:: Directions for this task ::
When you copy the listing, reproduce each line as it appears and omit every image.

:: Given data ::
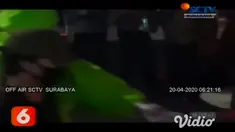 Seorang pengunjung kafe di Surabaya, Jawa Timur dinyatakan positif, saat polisi menggelar razia sekaligus tes cepat Covid-19 di kawasan Kenjeran. Pengunjung yang positif langsung dibawa ke Rumah Sakit Bhayangkara, Polda Jawa Timur.
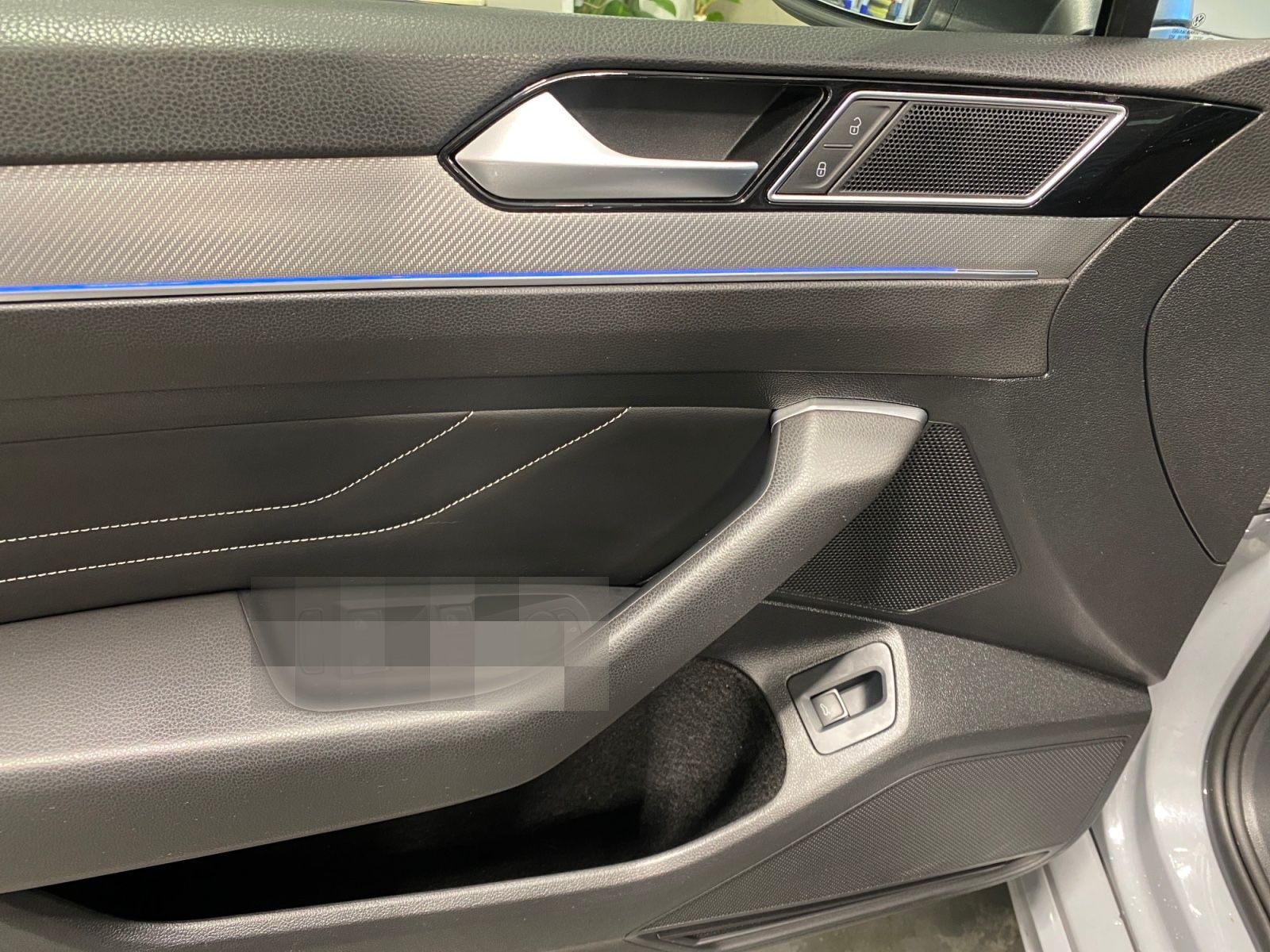 Volkswagen Passat Variant R-Line 4M AHK LED DigiTacho Leder foto 21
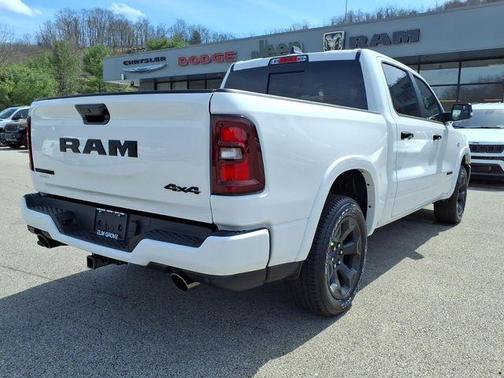 Bright White Clearcoat 2026 RAM 1500 Big Horn/Lone Star
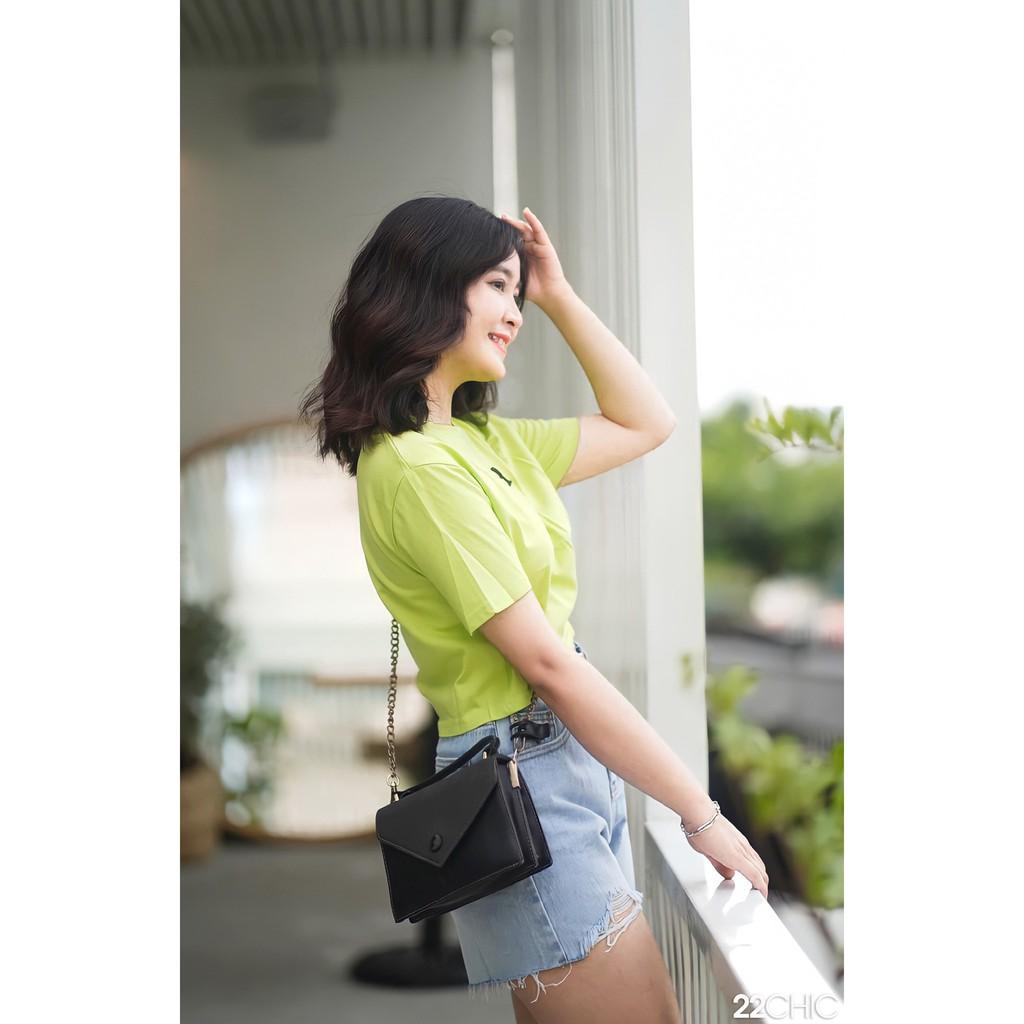 Quần shorts jeans thêu họa tiết - 22CHIC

:: Completed task ::
 Seorang pengunjung kafe di Surabaya, Jawa Timur dinyatakan positif, saat polisi menggelar razia sekaligus tes cepat Covid-19 di kawasan Kenjeran. Pengunjung yang positif langsung dibawa ke Rumah Sakit Bhayangkara, Polda Jawa Timur.
 Volkswagen Passat Variant R-Line 4M AHK LED DigiTacho Leder foto 21
 Bright White Clearcoat 2026 RAM 1500 Big Horn/Lone Star
 Quần shorts jeans thêu họa tiết - 22CHIC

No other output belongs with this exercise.